Abdulla Shibla, Aevermann Brian, Assis Pedro, Badajoz Seve, Bell Sidney M, Bezzi Emanuele, Cakir Batuhan, Chaffer Jim, Chambers Signe, Cherry J Michael, Chi Tiffany, Chien Jennifer, Dorman Leah, Garcia-Nieto Pablo, Gloria Nayib, Hastie Mim, Hegeman Daniel, Hilton Jason, Huang Timmy, Infeld Amanda, Istrate Ana-Maria, Jelic Ivana, Katsuya Kuni, Kim Yang Joon, Liang Karen, Lin Mike, Lombardo Maximilian, Marshall Bailey, Martin Bruce, McDade Fran, Megill Colin, Patel Nikhil, Predeus Alexander, Raymor Brian, Robatmili Behnam, Rogers Dave, Rutherford Erica, Sadgat Dana, Shin Andrew, Small Corinn, Smith Trent, Sridharan Prathap, Tarashansky Alexander, Tavares Norbert, Thomas Harley, Tolopko Andrew, Urisko Meghan, Yan Joyce, Yeretssian Garabet, Zamanian Jennifer, Mani Arathi, Cool Jonah, Carr Ambrose
Wellcome Sanger Institute, Wellcome Genome Campus, Hinxton CB10 1SA, UK.
Chan Zuckerberg Initiative, 1180 Main Street, Redwood City, CA 94063, USA.
Nucleic Acids Res. 2025 Jan 6;53(D1):D886-D900. doi: 10.1093/nar/gkae1142.

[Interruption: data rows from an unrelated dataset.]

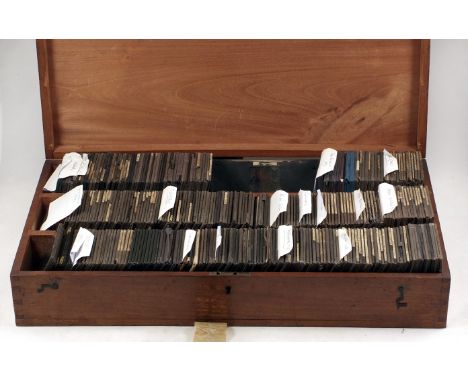 Collection of Very Good Quality Magic Lantern Slides. Comprising better than average subjects to include Title Slides, Boer W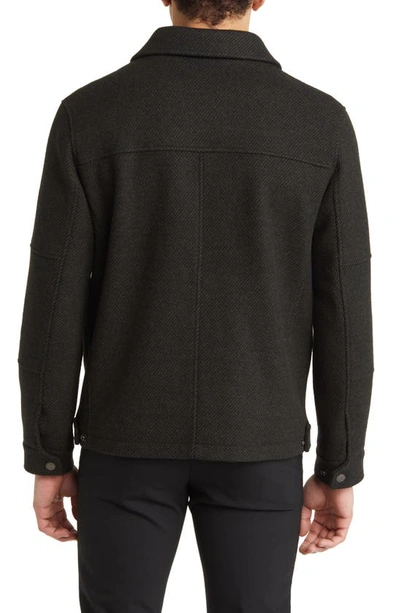 Hart Schaffner Marx Paloma Wool Blend Twill Jacket In Olive Twill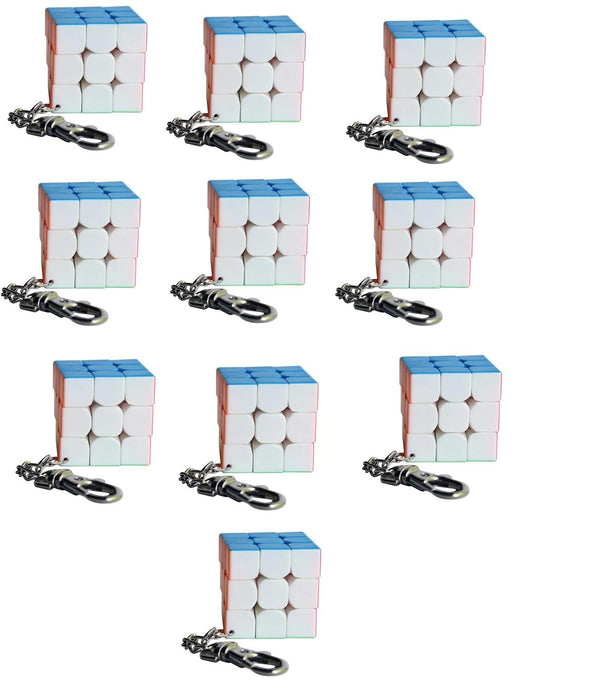 Paquete De 20 Llaveros Cubo Magico 3x3 3 cm Para Revender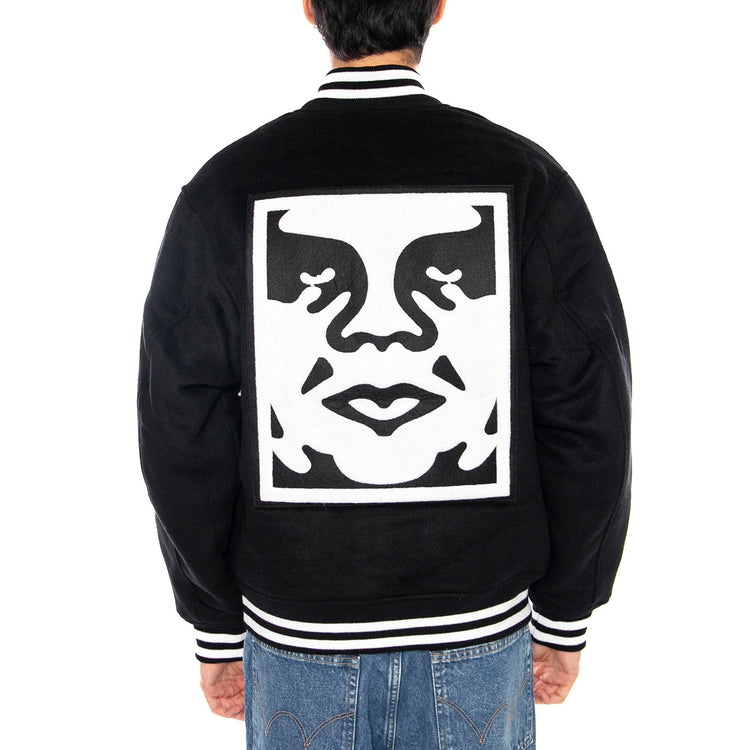 League Icon Jacket - Giacca Uomo Nera 121800523 BLK OBEY 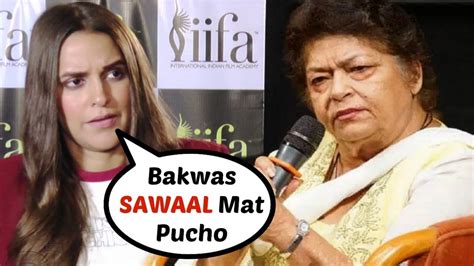 Neha Dhupia Angry Reaction On Saroj Khan Casting Couch Statement Youtube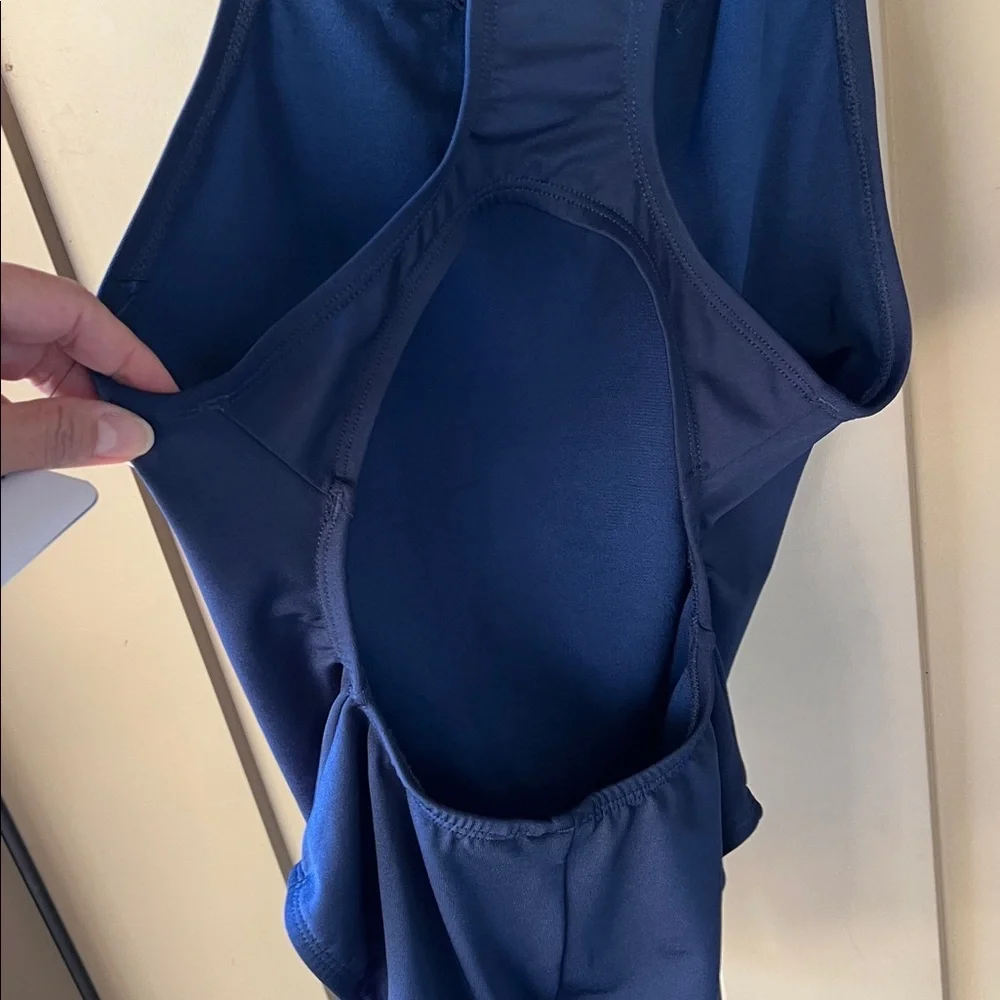 Dolfin New W Tag Navy Girls Large One Piece Swim Suit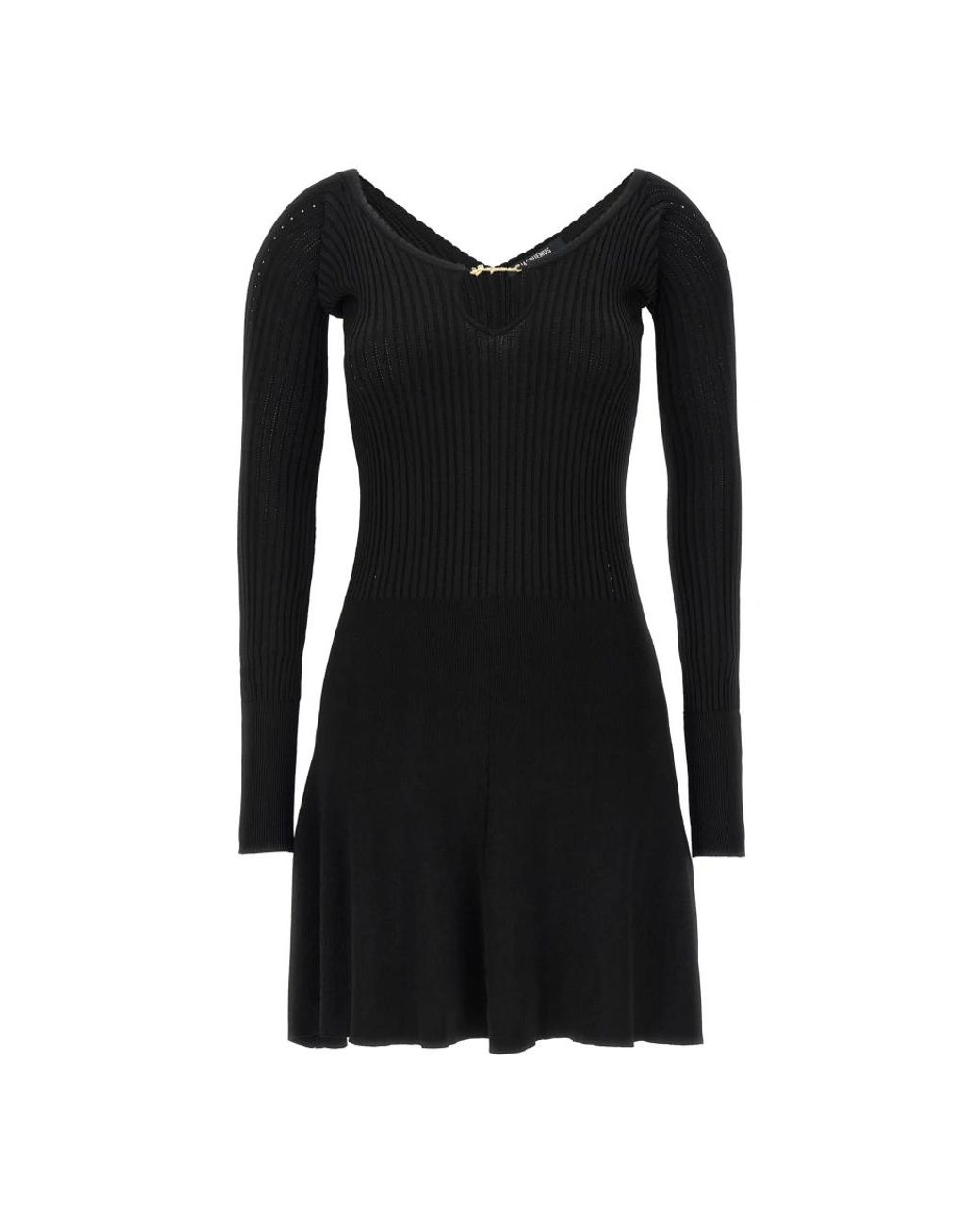 Jacquemus Black Knitted Dresses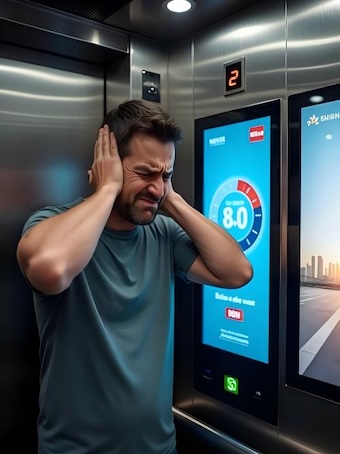 The Unseen Nuisance of Elevator Ads When Convenience Feels Like Invasion
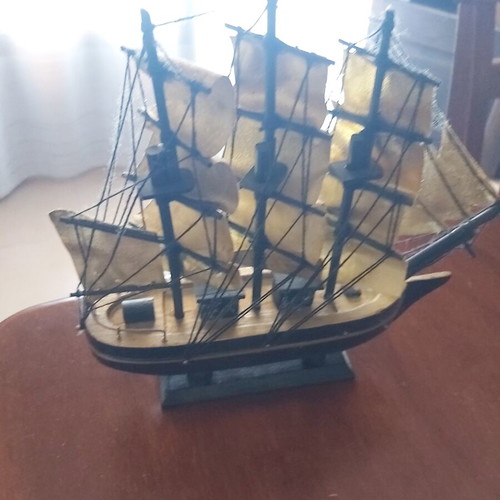 Cutty Sark wooden decorative ship used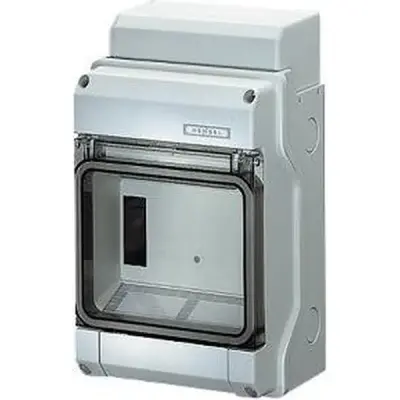 Consumer Unit Kv 1606 6 Mod 238x146x111mm Ip54 Without Terminals - Hensel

Hundreds of millions of single cells have been analyzed using high-throughput transcriptomic methods. The cumulative knowledge within these datasets provides an exciting opportunity for unlocking insights into health and disease at the level of single cells. Meta-analyses that span diverse datasets building on recent advances in large language models and other machine-learning approaches pose exciting new directions to model and extract insight from single-cell data. Despite the promise of these and emerging analytical tools for analyzing large amounts of data, the sheer number of datasets, data models and accessibility remains a challenge. Here, we present CZ CELLxGENE Discover (cellxgene.cziscience.com), a data platform that provides curated and interoperable single-cell data. Available via a free-to-use online data portal, CZ CELLxGENE hosts a growing corpus of community-contributed data of over 93 million unique cells. Curated, standardized and associated with consistent cell-level metadata, this collection of single-cell transcriptomic data is the largest of its kind and growing rapidly via community contributions. A suite of tools and features enables accessibility and reusability of the data via both computational and visual interfaces to allow researchers to explore individual datasets, perform cross-corpus analysis, and run meta-analyses of tens of millions of cells across studies and tissues at the resolution of single cells.
使用高通量转录组学方法已经分析了数亿个单细胞。这些数据集中积累的知识为在单细胞水平上揭示健康和疾病的见解提供了一个令人兴奋的机会。基于大语言模型和其他机器学习方法的最新进展,跨越不同数据集的荟萃分析为从单细胞数据中建模和提取见解带来了令人兴奋的新方向。尽管这些以及新兴的分析工具在分析大量数据方面前景广阔,但数据集的数量、数据模型和可访问性仍然是一个挑战。在这里,我们展示了CZ CELLxGENE Discover(cellxgene.cziscience.com),这是一个提供经过整理且可互操作的单细胞数据的数据平台。通过免费使用的在线数据门户即可访问,CZ CELLxGENE托管着一个由社区贡献的数据组成的不断增长的语料库,其中包含超过9300万个独特的细胞。经过整理、标准化并与一致的细胞水平元数据相关联,这一单细胞转录组数据集合是同类数据中最大的,并且通过社区贡献正在迅速增长。一套工具和功能通过计算和可视化界面实现了数据的可访问性和可重用性,使研究人员能够探索单个数据集、进行跨语料库分析,并在单细胞分辨率下对跨研究和组织的数千万个细胞进行荟萃分析。